Part I — The Basics · Lesson 10 · How The System Works

Where money comes from

Banks create it by lending

The Bank of England published a paper in 2014 titled "Money creation in the modern economy" that explicitly corrected the textbook story. The textbook says: people deposit money, banks lend out a fraction of those deposits. This is wrong. What actually happens: a bank approves your loan, types $400,000 into a new line on its books labeled "loan asset" and types $400,000 into another line labeled "your deposit." Both numbers exist where neither existed before. That's not metaphor — that's accounting.

Watch it happen. Click "Approve loan" below to see a bank's balance sheet expand in real time.

What this means

Three things follow from this and they are profound:

One: every dollar of money in the modern economy started its existence as someone's debt. M2 (the broad money supply) and total private debt move almost in lockstep, because they're two sides of the same accounting entry. If everyone paid off their debts, the money supply would collapse to almost nothing. We literally need debt to have money.

Two: the people who get to decide what new money is created for have enormous power. Right now those people are bankers, and what they decide to fund is mostly: real estate (mortgages), corporate finance (LBOs, buybacks), and existing assets. Almost none of new money creation goes to direct productive investment in new infrastructure, new industry, or households who would spend it. That's a political choice baked into the structure.

Three: when central banks "print money" via QE, they're not directly funding the government. They're crediting bank reserves, hoping banks will lend more. From 2008-2021 that hope failed — banks parked reserves rather than lending — which is why QE produced asset price inflation but very little consumer price inflation until COVID broke supply chains.

The textbook lie: Most economics textbooks still teach the "money multiplier" model where banks lend out fractions of deposits. The Bank of England, the Bundesbank, and the Federal Reserve have all published papers saying this is wrong. The textbooks haven't updated. An entire generation of economists, policymakers, and voters operates on a model that the central banks themselves rejected.
If a bank approves your $300,000 mortgage, where does that money come from?
Correct.

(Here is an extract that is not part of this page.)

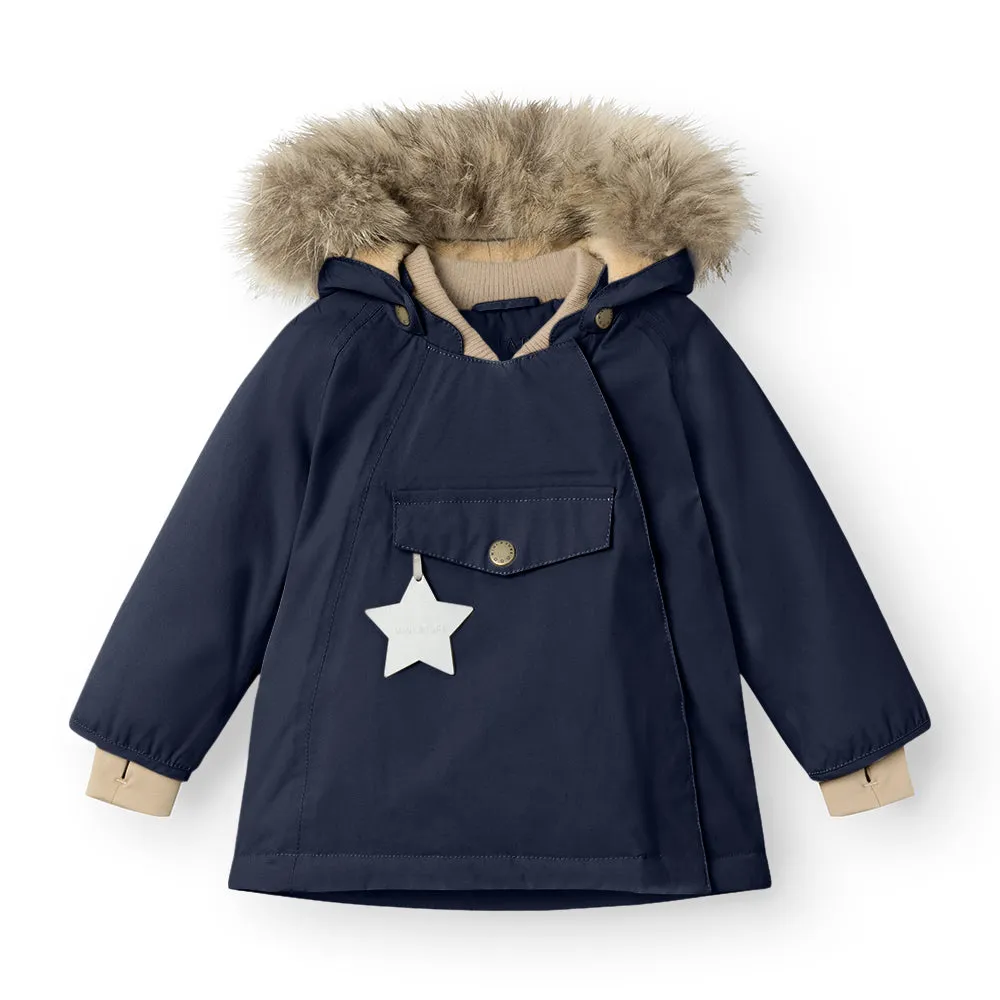 MINI A TURE Wool Fleece-Lined Jacket with Removable Fur Trim  Warm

The bank doesn't transfer money from elsewhere — it creates a new deposit by writing it into existence on its balance sheet, balanced by a loan asset. The constraint is capital and credit risk, not whether deposits exist.

What you just learned

Money is debt. Banks create it. The decision of who gets to borrow — and therefore who gets to bring new money into existence — is one of the most important political decisions in any economy, and almost nobody talks about it as political.